Researchers at the University of Tartu Institute of Computer Science have added Livonian, Komi, Mansi and 14 other Finno-Ugric languages to the university’s machine translation engine.
Most of these languages became available on a public translation engine for the first time, as they are not part of Google Translate and similar services, the university said in a statement.
In total, the translation engine supports 23 Finno-Ugric languages: in addition to the more commonly supported Estonian, Finnish and Hungarian, it now includes Livonian, Võro, Proper Karelian, Livvi Karelian, Ludian, Veps, Northern Sami, Southern Sami, Inari Sami, Skolt Sami, Lule Sami, Komi, Komi-Permyak, Udmurt, Hill Mari and Meadow Mari, Erzya, Moksha, Mansi and Khanty.
The research group invites speakers and researchers of these languages to contribute corrected translations to improve translation quality. This can be done by editing translations at translate.ut.ee. Texts such as poems, articles, books and similar in these languages are also of great help and can be sent to firstname.lastname@example.org.
Lisa Yankovskaya, a research fellow in natural language processing at the University of Tartu Institute of Computer Science, said feedback is needed to improve the translation quality because many of these languages have extremely scarce resources for creating translation systems.
Preserving endangered languages
This means two things – first, the translation quality can vary a lot, and it can be especially low when translating into low-resourced languages. Secondly, the developers need the help of speakers of these languages in the form of contributing correct translations on the platform.
She said there were several reasons for developing machine translation for low-resource languages. For example, philologists and others need the machine translation option to understand texts without learning the language.
Translating into these languages is also a way of preserving endangered languages and supporting the speakers of these languages.
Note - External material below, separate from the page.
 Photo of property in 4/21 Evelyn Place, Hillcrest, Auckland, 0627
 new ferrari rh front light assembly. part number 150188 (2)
This is why the translation system is open to all users and the software and the created models are open source.
The developers started to work with Finno-Ugric languages in 2021, with the first system supporting Võro, Northern Sami and Southern Sami, said Maali Tars, scientific programmer at the Institute of Computer Science. Livonian, an extremely endangered language with just about 20 near-native speakers, was added in the same year. They intend to continue to improve the quality of the machine translation system and include more Finno-Ugric languages and dialects.
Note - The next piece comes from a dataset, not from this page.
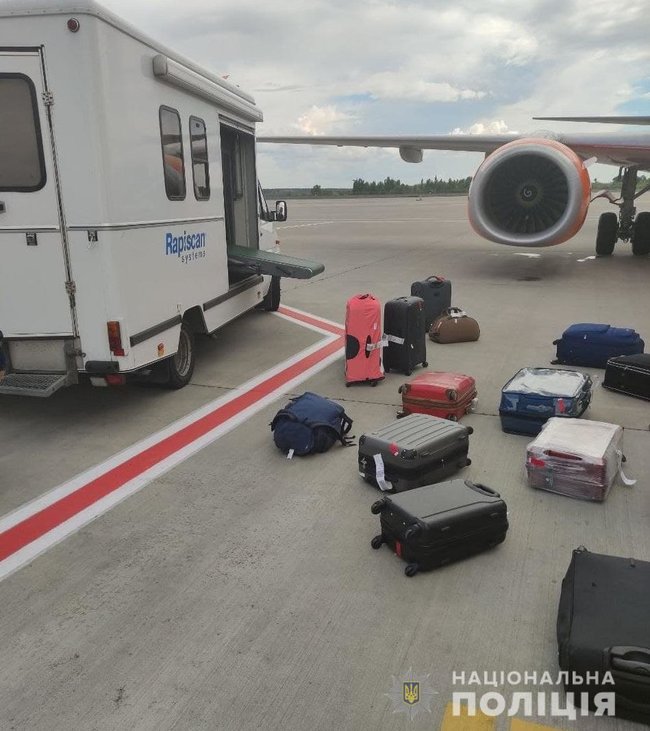 Неизвестный минировал рейс Тбилиси-Киев, - Нацполиция 03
The developers worked with the Livonian Institute at the University of Latvia, Võro Institute, the University of Eastern Finland and the Karelian language revitalisation programme of the University of Eastern Finland.
The Finno-Ugric world comprises 25 million people who mostly live in north-east Europe across the Nordic and Baltic regions and Russia. The four most numerous Finno-Ugric peoples are the Hungarians (13-14 million), the Finns (6-7 million), the Estonians (1.1 million) and the Mordvins (740,000). The first three inhabit independent states – Hungary, Finland and Estonia – whereas Mordovia is a republic within Russia.
* The article originally mentioned that the researchers also worked with the Arctic University of Norway; this is not the case.